The search works by starting at the highest level and moving down as needed:
- Start at the highest level (e.g., Level 3).
- Move right until the next node’s value is greater than or equal to the target.
- Move down a level if the next value is too large.
- Repeat this process at each level, moving right as far as possible, then down, until the target is found or confirmed absent.
Example: Searching for 15
- Start at node 1 on Level 3, drop down since 20 > 15.
- On Level 2, move from 1 to 7, then drop down again.
- On Level 1, move to 15 and stop.
This approach gives an average O(log n) time complexity by efficiently skipping unnecessary nodes.
The skip list is a series of linked lists with additional pointers to intermediate nodes, allowing for efficient traversal and search operations.
To get the leaderboard, i.e. get the top N
users, we can go down to the level 0 and find the last element in the list, and then perform a backward iteration to get the top N
users (the linked lists in a skip list are doubly linked).
In Redis, this is implemented as ZSET
. We use ZADD
to add a user and its score, and use ZRANGE
to get the top N
users.
Leaderboard Example
Here's a simple example:
ZADD leaderboard 100 user1 ZADD leaderboard 200 user2 ZADD leaderboard 300 user3 ZREVRANGE leaderboard 0 1 # returns the top 2 users
How to handle a large number of contestants submitting solutions at the same time?

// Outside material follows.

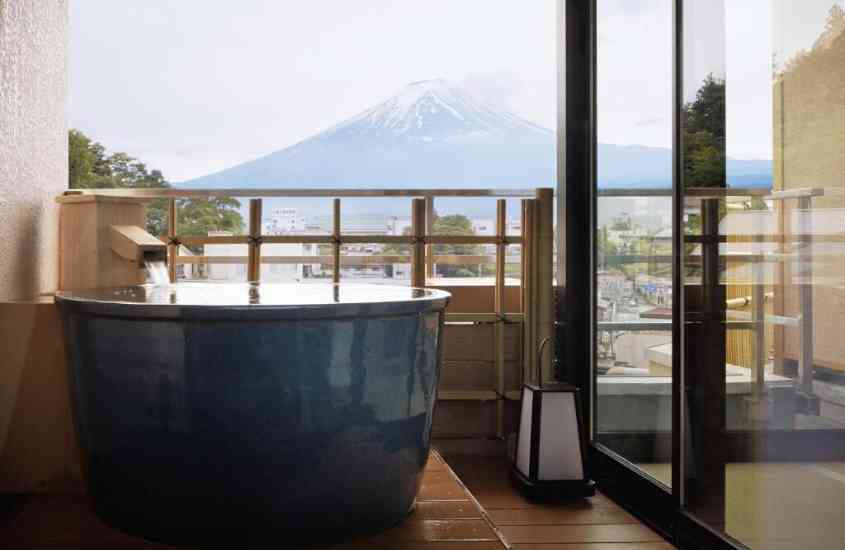 durante o dia, banheira em varanda de hotel no japão com vista para o monte fuji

Handling a large number of contestants submitting solutions simultaneously presents several challenges, particularly during peak times like the beginning and end of a contest. We can address this using a two-phase processing approach combined with other strategies:
-
Message Queue: Use a message queue to decouple the submission process from the execution process. This allows us to buffer submissions during peak times and process them as resources become available.
-
Pre-scaling: Since auto-scaling may not be fast enough to handle sudden spikes, pre-scale the execution servers before the contest starts. This is especially important for the first and last 10 minutes of a contest when submission rates are typically highest.
-
Two-Phase Processing:
- Phase 1 (During Contest): Implement partial evaluation
- Run submissions against only about 10% of the test cases.
- Provide a partial standing for users, giving them immediate feedback.
- Phase 2 (Post-Contest): Complete full evaluation
- After the contest deadline, run the submissions on the remaining test cases.
- Determine the official results based on full evaluation.
- Phase 1 (During Contest): Implement partial evaluation
This two-phase approach:
- Reduces the load on the system during the contest.
- Allows for more accurate final results.
- Is similar to the approach used by platforms like Codeforces for large contests.
-
Efficient Resource Allocation: Optimize resource allocation by scaling down during less active periods of the contest and scaling up for the final rush.
-
Prioritization: Implement a prioritization system in the message queue to ensure that at least one submission from each user is processed quickly, providing everyone with some feedback.
-
User Communication: Clearly communicate to users that their submissions are being partially evaluated during the contest and that final results will be available after full evaluation post-contest.
This approach, centered around the two-phase processing technique, balances immediate feedback for users with efficient resource utilization. While it means that final results won't be available immediately after the contest ends, it allows for handling a much larger number of concurrent submissions with existing resources. The trade-off between real-time complete results and system scalability is often necessary for large-scale coding competitions.